Let’s talk about…the symptoms of stress. According to Web MD, common symptoms of stress include:
- A fast heartbeat.
- A headache.
- A stiff neck and/or tight shoulders.
- Back pain.
- Fast breathing.
- Sweating, and sweaty palms.
- An upset stomach, nausea, or diarrhea.
These symptoms can occur whether the stress you’re experiencing is good or bad, and there are a myriad of other symptoms that can crop up as well.
Take a look at the following clip from Kindergarten Cop, which shows Arnold Schwarzenegger’s character experiencing acute stress:
Recognize any of the symptoms we just covered?
Let symptoms like this go on for too long, and it can cause permanent damage to your entire body. So how do you deal with stress and its effects?
Let’s talk about…how to manage stress. Stress is a part of life that can’t be eliminated. Even the positive changes in our lives, like buying a new house or getting that job promotion, can cause all the unpleasant symptoms we just covered. Therefore, it’s in our best interest to learn how to manage stress in our lives before it gets out of control. There are many things a person can do to manage stress, so it’s important to find what works best for you. The American Psychological Association provides the following tips to help ease stress in your life, which I’ll be giving you more info about after the presentation (here’s the link to the handout I had for everyone):
- Take a break from the stressor
- Smile and laugh
- Get social support
Personally, I’ve used all five of these tips for myself when experiencing stress, in various combinations, depending on what the stressor is. So now what?
Let’s talk about…next steps. Now that we’ve discussed what stress is, what the symptoms are and how to manage it, you need to do a little homework. First of all, if you suffer from any of the symptoms we covered and suspect they may be due to the effects of stress, then you need to determine exactly what the stressors in your life are. Remember, even “good” stress can wreak havoc on your health, so you really need to figure this one out.
Once you’ve identified the stressors in your life, you’ll need to come up with an action plan for how to manage them. Remember, you have to implement things that resonate with YOU, so don’t sign up for a Zumba class if dancing in front of large groups would cause you MORE stress.

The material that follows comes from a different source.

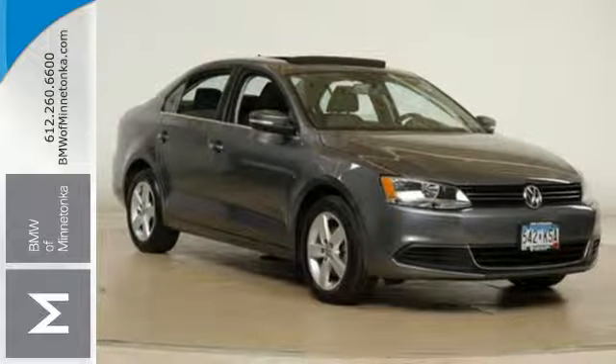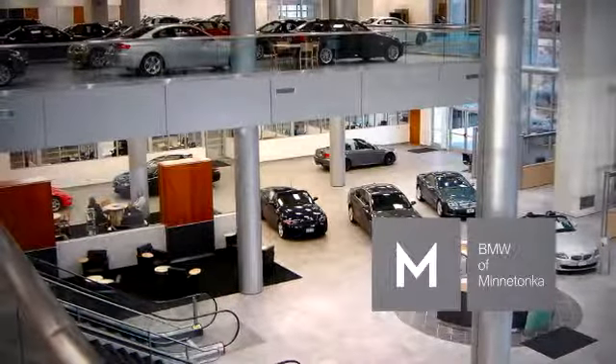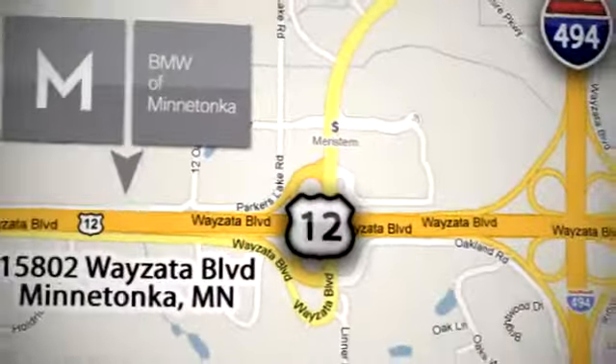Come out and take this sporty, well-appointed sedan for a test drive today. BMW of Minnetonka, the Twin Cities' only locally owned and operated BMW dealership. We're conveniently located at 15802 Wayzata Boulevard in Minnetonka, Minnesota.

Finally, remember that stress will always be part of your life. But if you can learn to identify when you’re experiencing it and find the techniques that work to help you manage it, you should notice your health doesn’t suffer. And you’ll need to revisit things from time to time, as our stressors won’t always be the same, and the management techniques that work today may not be effective tomorrow. Eventually, Arnold figured out how to deal with his stressors (the kids he was teaching)…take a look at how things changed for him once he did:
See, with a little dedication, stress can most definitely be managed and controlled so that you can lead your happiest life possible.
Thank you for listening and have a sparkling day!